Original URL: https://www.theregister.co.uk/2012/10/10/secure_circle/
PGP founder's mobile privacy app goes live
Zimmermann & Navy SEAL pals unveil safe comms, at $20 a month
Updated Silent Circle, the secure mobile communications app backed by Phil Zimmermann, has gone live - offering protection from all but the most determined of government departments.
Silent Circle comprises a handful of iOS/Android/PC apps facilitating secure phone calls, text messaging and video calling, with secure email promised soon, all presented through an idiot-friendly interface aimed at corporate executives and international journalists rather than local freedom fighters who might find $20 a month a bit rich.

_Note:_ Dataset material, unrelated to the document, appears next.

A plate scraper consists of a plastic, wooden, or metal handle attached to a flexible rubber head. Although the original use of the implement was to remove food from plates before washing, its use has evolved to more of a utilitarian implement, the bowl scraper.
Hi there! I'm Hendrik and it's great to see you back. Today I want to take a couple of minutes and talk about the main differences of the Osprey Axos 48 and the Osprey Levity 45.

We discussed the product at length in June, and it hasn't changed significantly since then. Communication between Silent Circle subscribers is entirely secure, while calls made outside the Circle are secured to the edge (which is in Canada or Switzerland) and then enter the unsecure public networks, Secure Circle is also registered outside the USA to avoid lawful-intercept requirements.
Cryptography is very rarely broken, publicly-scrutinised algorithms such as those used by Silent Circle require enormous resources to crack, beyond the reach of all but the most determined government. Secure networks are generally broken through poor implementations or badly-designed systems around the cryptography.

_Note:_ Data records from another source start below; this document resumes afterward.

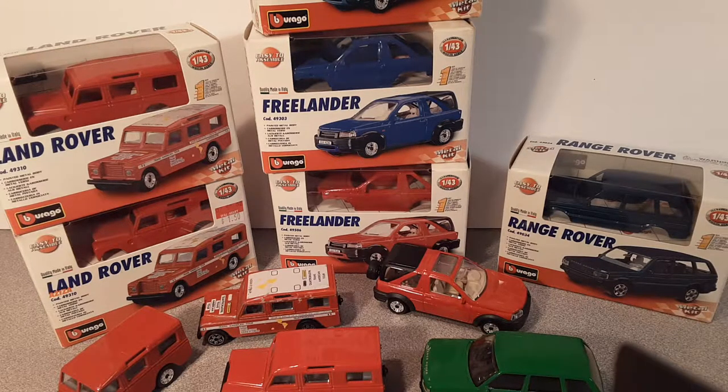G'day, g'day! Welcome to Roverland! This is your friend Dan-O. How the heck are ya?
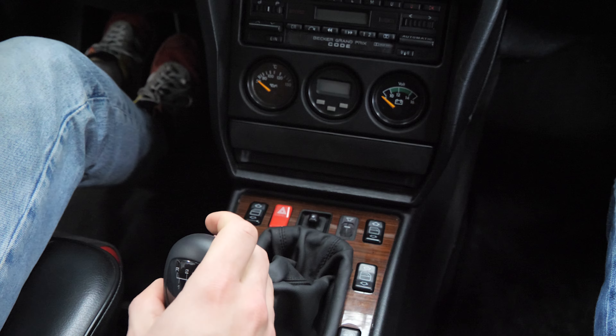Now for the interior. There isn't much difference between this version and a standard 190E. However, the rear seat bench is divided into two separate seats, each having its own side bolsters — just like the seats in front, typical for the 2.5 and the 2.3 16-valve.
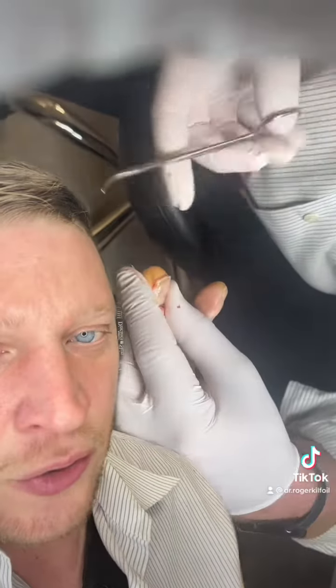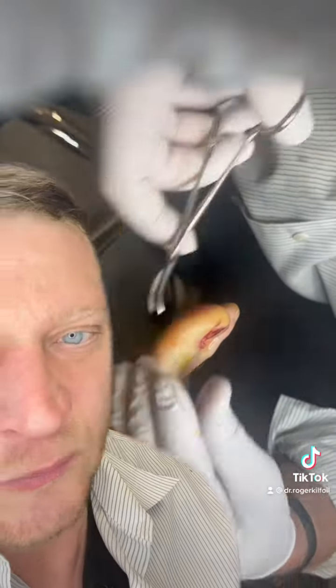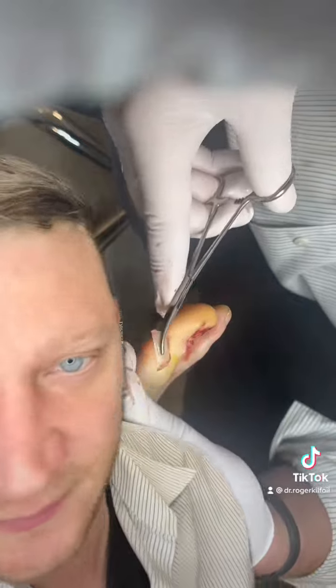Now here is the coup de grâce. Gross. Ew. Crazy.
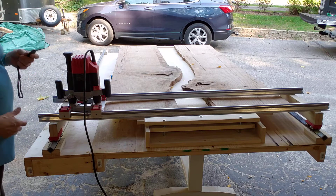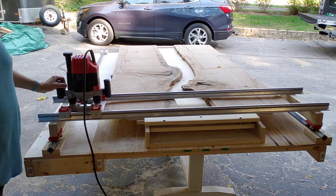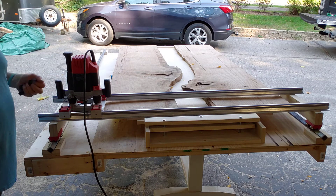This is a little video I'm putting together for my buddies at Family Woodworking. I wanted to see how the router sled I built works. So here it goes — let's see what happens.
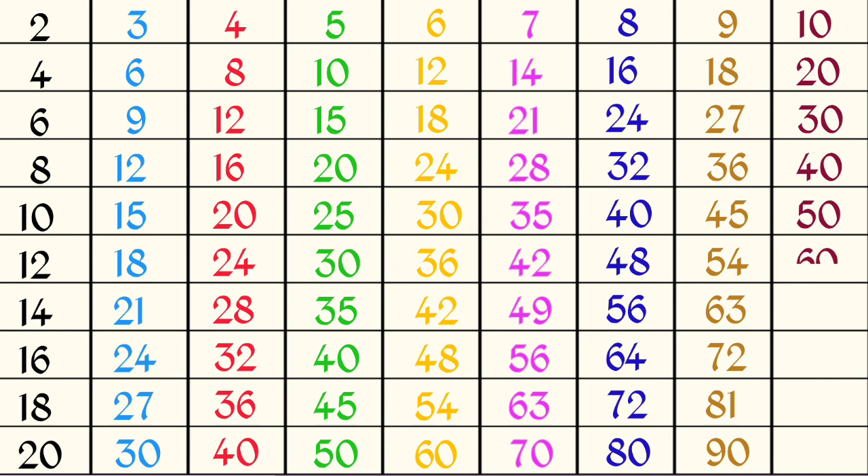10 6s are 60, 10 7s are 70, 10 8s are 80, 10 9s are 90, 10 10s are 100.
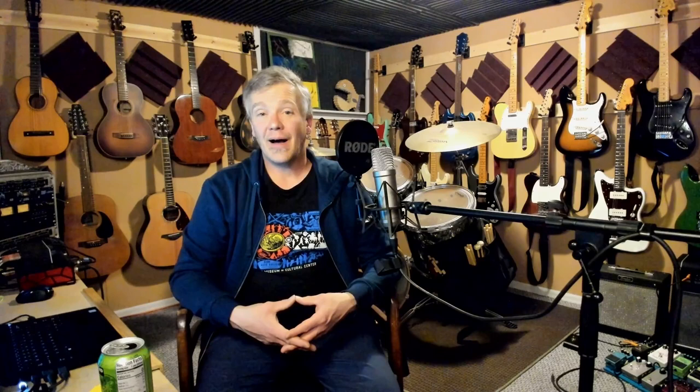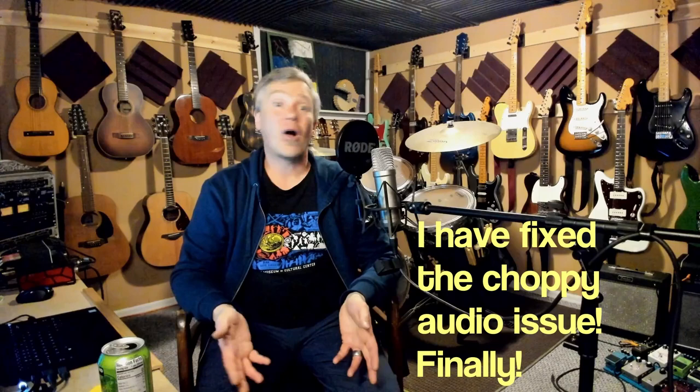I'd like to thank you all for watching. If you made it this far, please hit the subscribe button and leave a comment. I love the comment section — keep them coming. I enjoy the interaction, and a like and a share are always appreciated. Until next time, you take care.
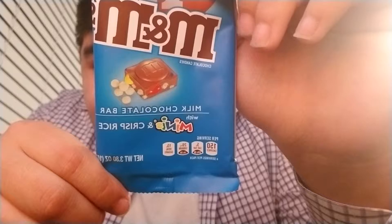You know, it's the mini M&Ms — look at this — with rice krispies.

A good example is Cryptocat, a web-based tool for secure communications which was lauded by Wired and the Wall Street Journal before analysts started pointing out that storing crypto* on a web server is inherently risky, as one's security is entirely dependent on the sanctity of that public-facing server.
Complete security is, of course, impossible, and given most of us couldn't spot a Chinese remainder theorem if it hit us in the face, we're required to place our trust in experts or the companies they endorse. Having been largely responsible for PGP, the crypto which got the US government so upset, Zimmermann is a brand most geeks will trust. Silent Circle will be hoping those geeks can convince their corporate colleagues that $20 a month is a small price to pay for secure communications. ®
*Cryptocat has been in touch to assure us that version 2, launched last month, fixes all the highlighted issues, securing instant text messages without dependence on the security of the web server.